## INPUT DATA
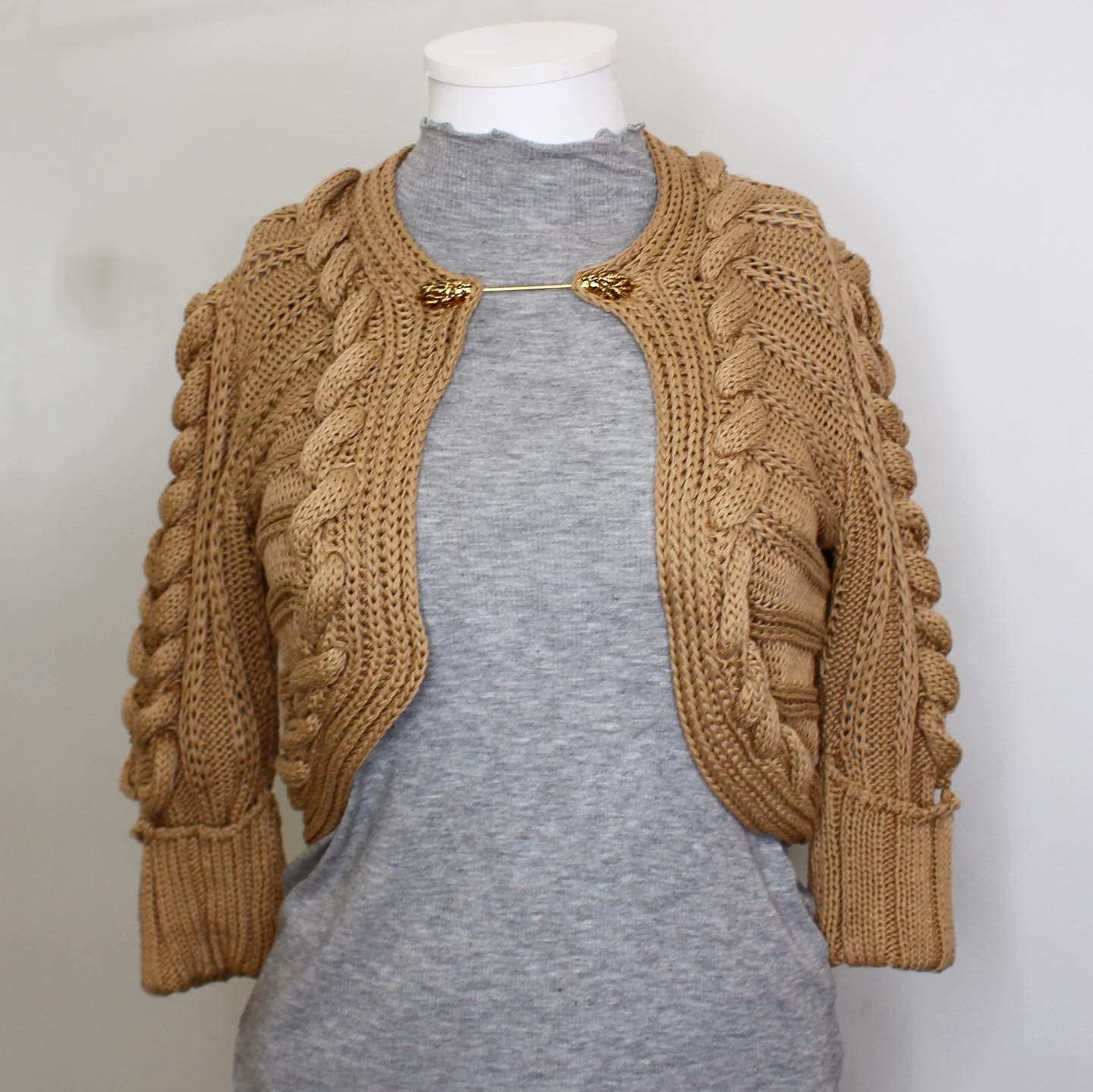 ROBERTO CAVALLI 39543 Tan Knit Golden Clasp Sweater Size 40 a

--

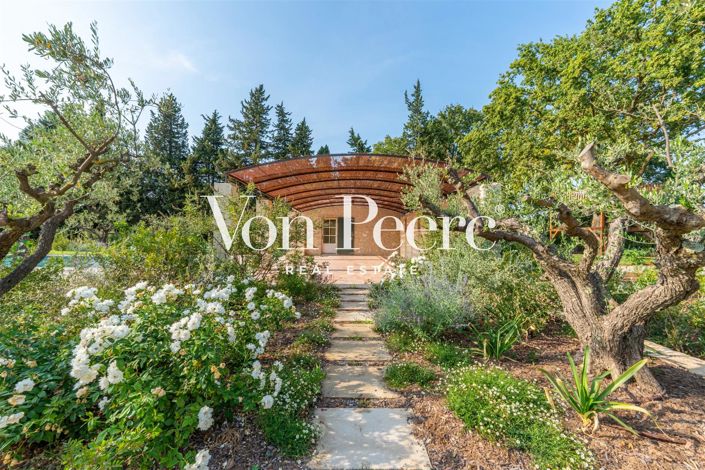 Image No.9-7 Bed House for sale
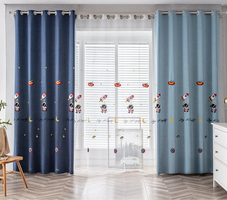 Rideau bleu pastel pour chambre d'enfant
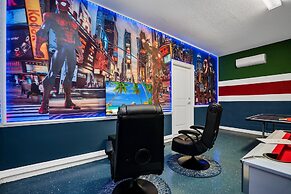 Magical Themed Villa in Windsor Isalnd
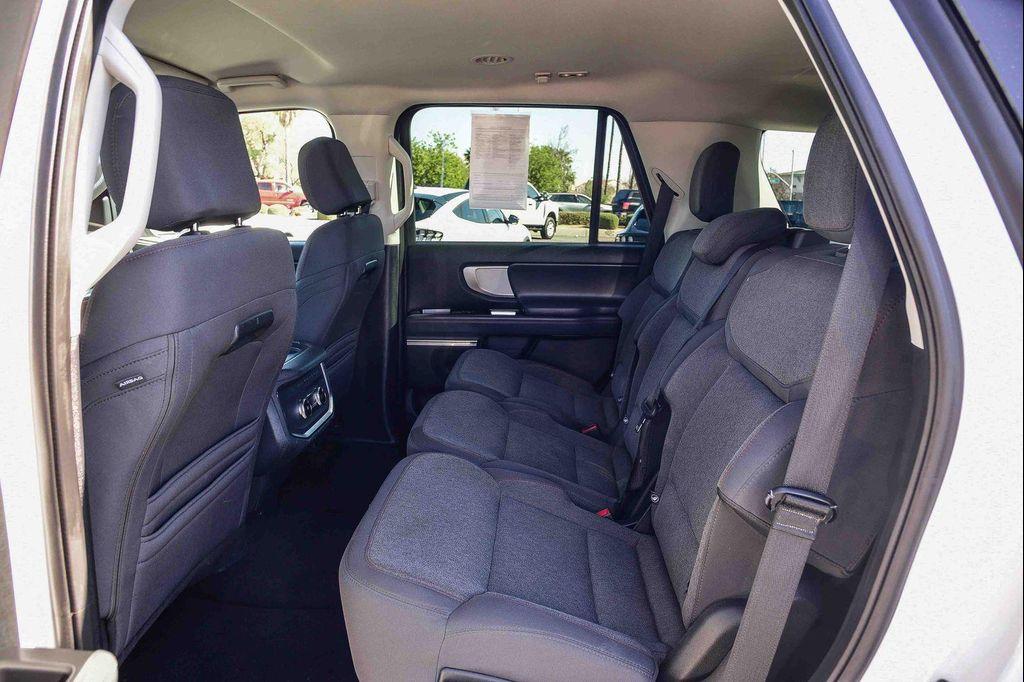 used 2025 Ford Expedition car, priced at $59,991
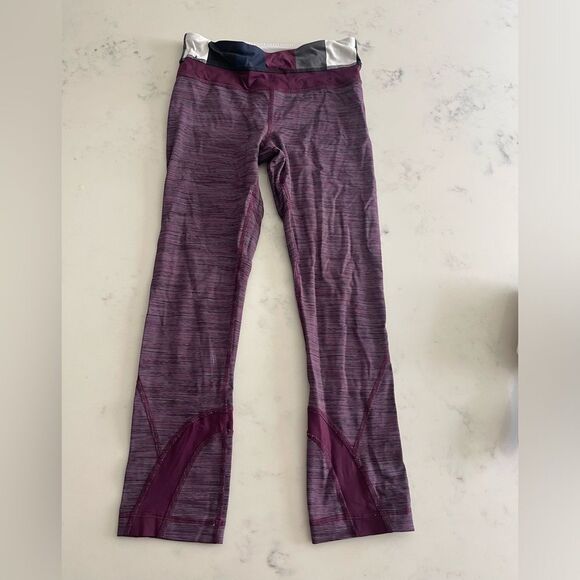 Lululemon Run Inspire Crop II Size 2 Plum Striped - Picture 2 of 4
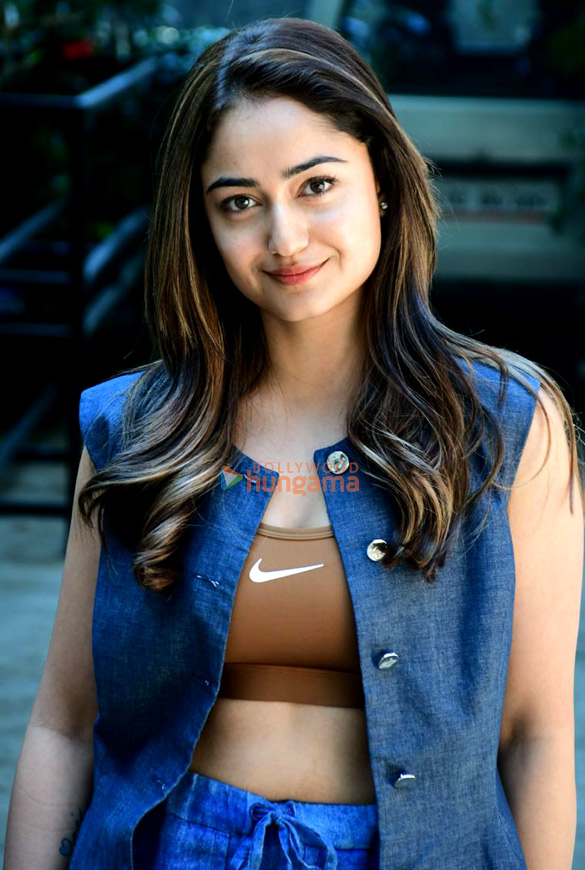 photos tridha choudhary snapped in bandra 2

---

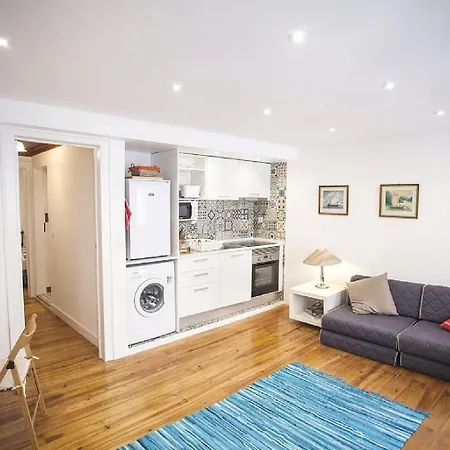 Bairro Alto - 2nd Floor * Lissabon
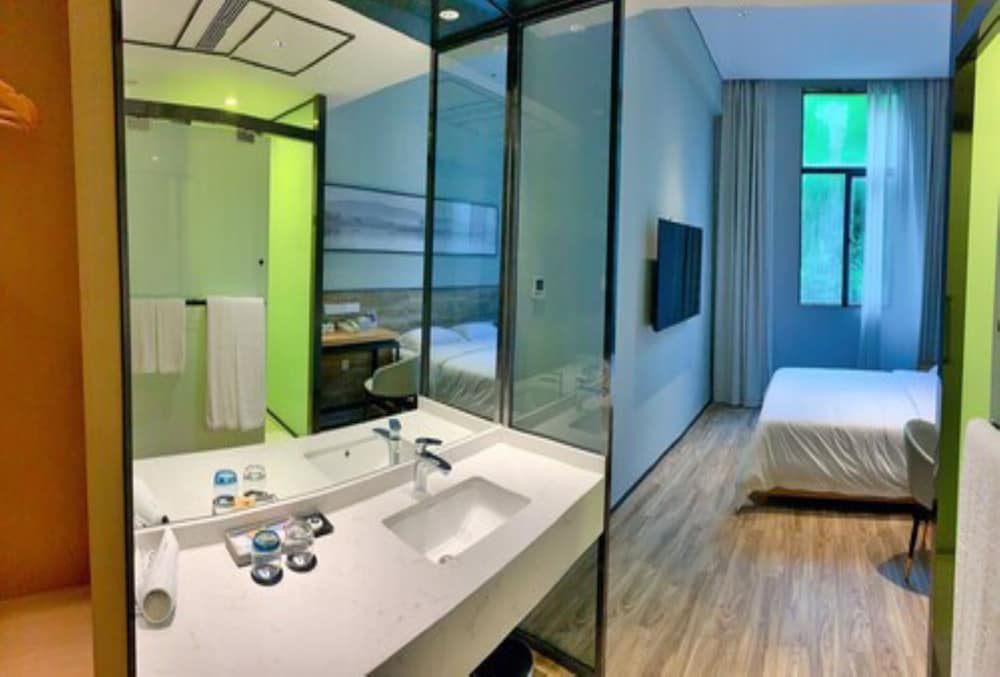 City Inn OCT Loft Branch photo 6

## YOUR OBJECTIVE
Take only the lines above from the one that has "Bairro Alto - 2nd Floor * Lissabon" through the one that has "City Inn OCT Loft Branch photo 6" and reproduce them exactly, omitting any pictures.

## ANSWER TO THE EXERCISE
 Bairro Alto - 2nd Floor * Lissabon
 City Inn OCT Loft Branch photo 6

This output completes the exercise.